#### DATASET RECORDS ####
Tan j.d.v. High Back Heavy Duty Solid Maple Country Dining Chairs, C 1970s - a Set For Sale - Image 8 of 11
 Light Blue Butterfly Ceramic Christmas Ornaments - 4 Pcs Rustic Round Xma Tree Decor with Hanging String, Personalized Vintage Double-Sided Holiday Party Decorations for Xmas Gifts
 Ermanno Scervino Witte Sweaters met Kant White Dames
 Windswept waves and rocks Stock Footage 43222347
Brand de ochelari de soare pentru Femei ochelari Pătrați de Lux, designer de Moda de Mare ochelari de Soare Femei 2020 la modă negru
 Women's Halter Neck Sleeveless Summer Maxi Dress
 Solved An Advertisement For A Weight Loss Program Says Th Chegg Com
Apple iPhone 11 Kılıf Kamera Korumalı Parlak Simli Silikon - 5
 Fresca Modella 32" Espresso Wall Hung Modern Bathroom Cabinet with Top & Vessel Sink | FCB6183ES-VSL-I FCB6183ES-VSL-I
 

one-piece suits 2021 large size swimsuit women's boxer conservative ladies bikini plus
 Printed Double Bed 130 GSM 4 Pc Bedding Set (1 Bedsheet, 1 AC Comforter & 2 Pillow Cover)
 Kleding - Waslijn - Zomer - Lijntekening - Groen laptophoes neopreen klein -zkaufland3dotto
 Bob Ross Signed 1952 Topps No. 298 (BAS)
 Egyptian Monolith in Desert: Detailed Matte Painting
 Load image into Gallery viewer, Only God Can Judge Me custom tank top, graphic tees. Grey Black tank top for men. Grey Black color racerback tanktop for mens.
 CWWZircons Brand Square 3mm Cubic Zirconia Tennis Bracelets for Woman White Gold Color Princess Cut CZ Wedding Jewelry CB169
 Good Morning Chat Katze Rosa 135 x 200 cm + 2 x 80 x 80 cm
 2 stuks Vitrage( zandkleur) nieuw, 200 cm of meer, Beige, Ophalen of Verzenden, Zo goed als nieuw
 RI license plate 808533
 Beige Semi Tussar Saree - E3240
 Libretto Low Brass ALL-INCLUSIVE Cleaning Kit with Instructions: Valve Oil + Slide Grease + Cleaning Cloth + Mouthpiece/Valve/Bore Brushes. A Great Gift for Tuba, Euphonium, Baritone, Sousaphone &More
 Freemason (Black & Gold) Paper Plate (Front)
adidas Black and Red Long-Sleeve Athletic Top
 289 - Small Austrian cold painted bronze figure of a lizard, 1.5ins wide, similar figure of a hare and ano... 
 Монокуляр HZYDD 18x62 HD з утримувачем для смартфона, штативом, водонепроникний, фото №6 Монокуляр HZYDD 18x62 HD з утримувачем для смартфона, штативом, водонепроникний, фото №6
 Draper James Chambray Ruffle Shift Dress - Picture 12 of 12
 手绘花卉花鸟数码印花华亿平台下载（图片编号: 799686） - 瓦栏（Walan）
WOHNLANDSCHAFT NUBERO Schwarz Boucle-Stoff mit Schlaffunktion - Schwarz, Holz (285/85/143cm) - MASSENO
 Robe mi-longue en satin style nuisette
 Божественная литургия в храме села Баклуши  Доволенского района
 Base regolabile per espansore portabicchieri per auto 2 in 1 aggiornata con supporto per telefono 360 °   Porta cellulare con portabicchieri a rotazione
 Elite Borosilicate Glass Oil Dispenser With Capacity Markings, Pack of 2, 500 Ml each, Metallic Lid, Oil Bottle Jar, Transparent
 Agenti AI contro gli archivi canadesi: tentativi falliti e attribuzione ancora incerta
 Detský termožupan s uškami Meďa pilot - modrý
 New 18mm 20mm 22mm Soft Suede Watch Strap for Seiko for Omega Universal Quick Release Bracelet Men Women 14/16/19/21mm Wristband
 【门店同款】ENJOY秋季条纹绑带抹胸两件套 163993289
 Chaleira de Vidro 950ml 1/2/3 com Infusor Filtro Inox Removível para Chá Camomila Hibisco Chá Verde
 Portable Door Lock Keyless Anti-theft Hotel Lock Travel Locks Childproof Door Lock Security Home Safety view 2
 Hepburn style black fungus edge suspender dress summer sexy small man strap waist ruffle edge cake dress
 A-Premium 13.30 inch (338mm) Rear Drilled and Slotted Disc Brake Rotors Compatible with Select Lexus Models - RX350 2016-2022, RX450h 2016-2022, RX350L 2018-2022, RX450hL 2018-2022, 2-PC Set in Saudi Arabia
####
--- INSTRUCTIONS FOR THE TASK ---
Above are the records; from them, give again exactly the lines from the one containing "2 stuks Vitrage( zandkleur)" through the one containing "289 - Small", both included.

--- SOLUTION TO THIS PROBLEM ---
 2 stuks Vitrage( zandkleur) nieuw, 200 cm of meer, Beige, Ophalen of Verzenden, Zo goed als nieuw
 RI license plate 808533
 Beige Semi Tussar Saree - E3240
 Libretto Low Brass ALL-INCLUSIVE Cleaning Kit with Instructions: Valve Oil + Slide Grease + Cleaning Cloth + Mouthpiece/Valve/Bore Brushes. A Great Gift for Tuba, Euphonium, Baritone, Sousaphone &More
 Freemason (Black & Gold) Paper Plate (Front)
adidas Black and Red Long-Sleeve Athletic Top
 289 - Small Austrian cold painted bronze figure of a lizard, 1.5ins wide, similar figure of a hare and ano... 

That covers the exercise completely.